What you have to do:
All pictures are to be skipped; retype only the lines from the top of the entries through the line with "There are three", both included.

Recorded data:
-- Opening Marker --
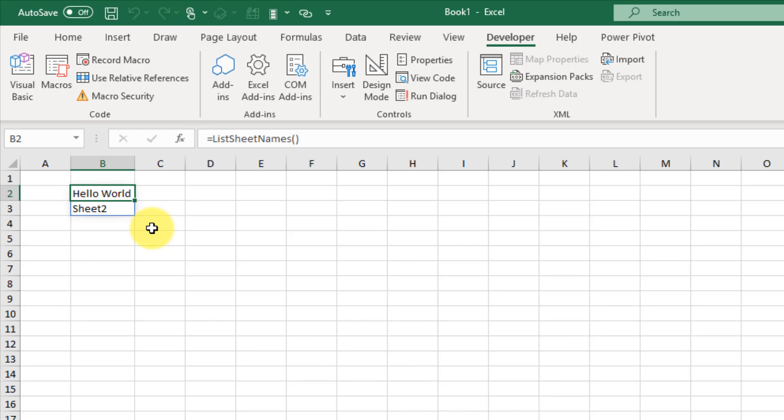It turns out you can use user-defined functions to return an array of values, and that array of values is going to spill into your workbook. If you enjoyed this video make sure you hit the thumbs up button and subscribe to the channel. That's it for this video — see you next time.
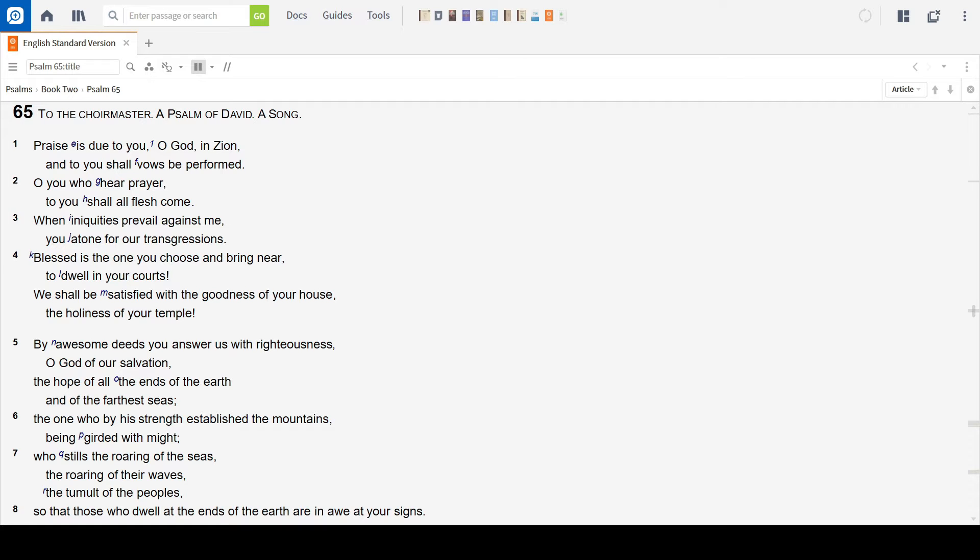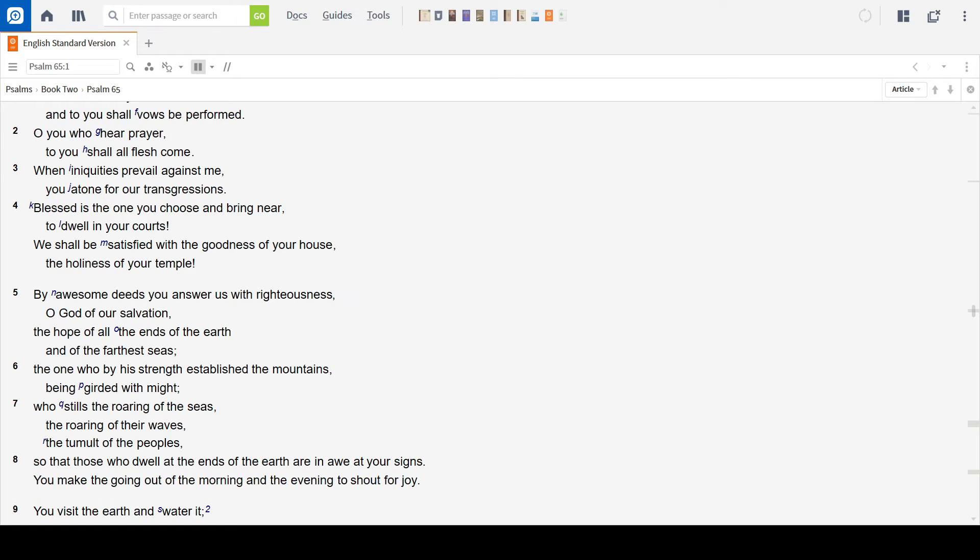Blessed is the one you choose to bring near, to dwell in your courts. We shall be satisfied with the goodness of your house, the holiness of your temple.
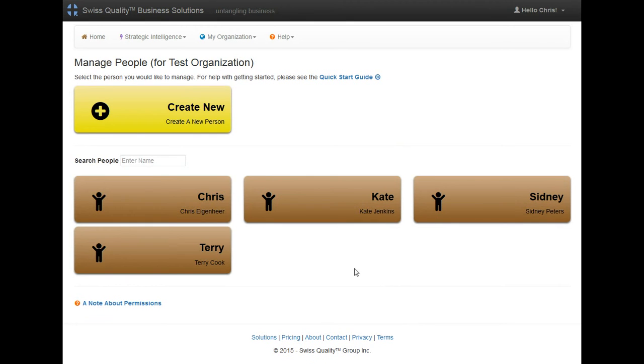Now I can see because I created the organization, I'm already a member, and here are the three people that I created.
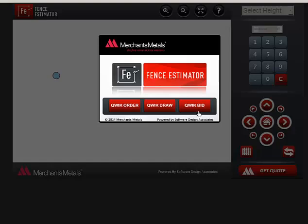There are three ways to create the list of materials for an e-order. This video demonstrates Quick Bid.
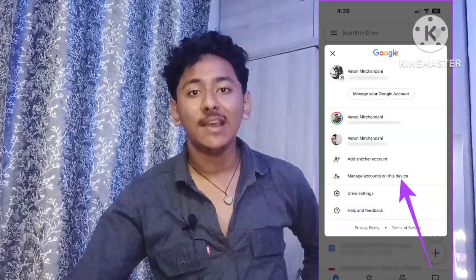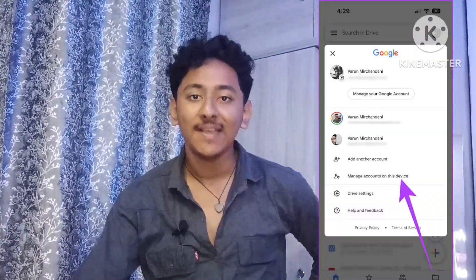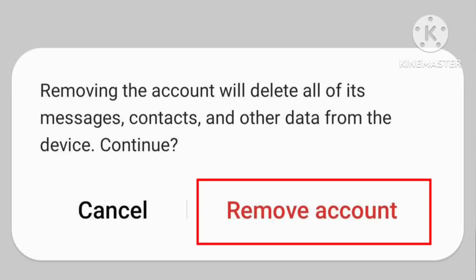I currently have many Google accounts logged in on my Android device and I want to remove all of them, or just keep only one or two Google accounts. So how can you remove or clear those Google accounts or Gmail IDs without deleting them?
-- Closing Marker --
Completed task:
It turns out you can use user-defined functions to return an array of values, and that array of values is going to spill into your workbook. If you enjoyed this video make sure you hit the thumbs up button and subscribe to the channel. That's it for this video — see you next time.
Blessed is the one you choose to bring near, to dwell in your courts. We shall be satisfied with the goodness of your house, the holiness of your temple.
Now I can see because I created the organization, I'm already a member, and here are the three people that I created.
There are three ways to create the list of materials for an e-order. This video demonstrates Quick Bid.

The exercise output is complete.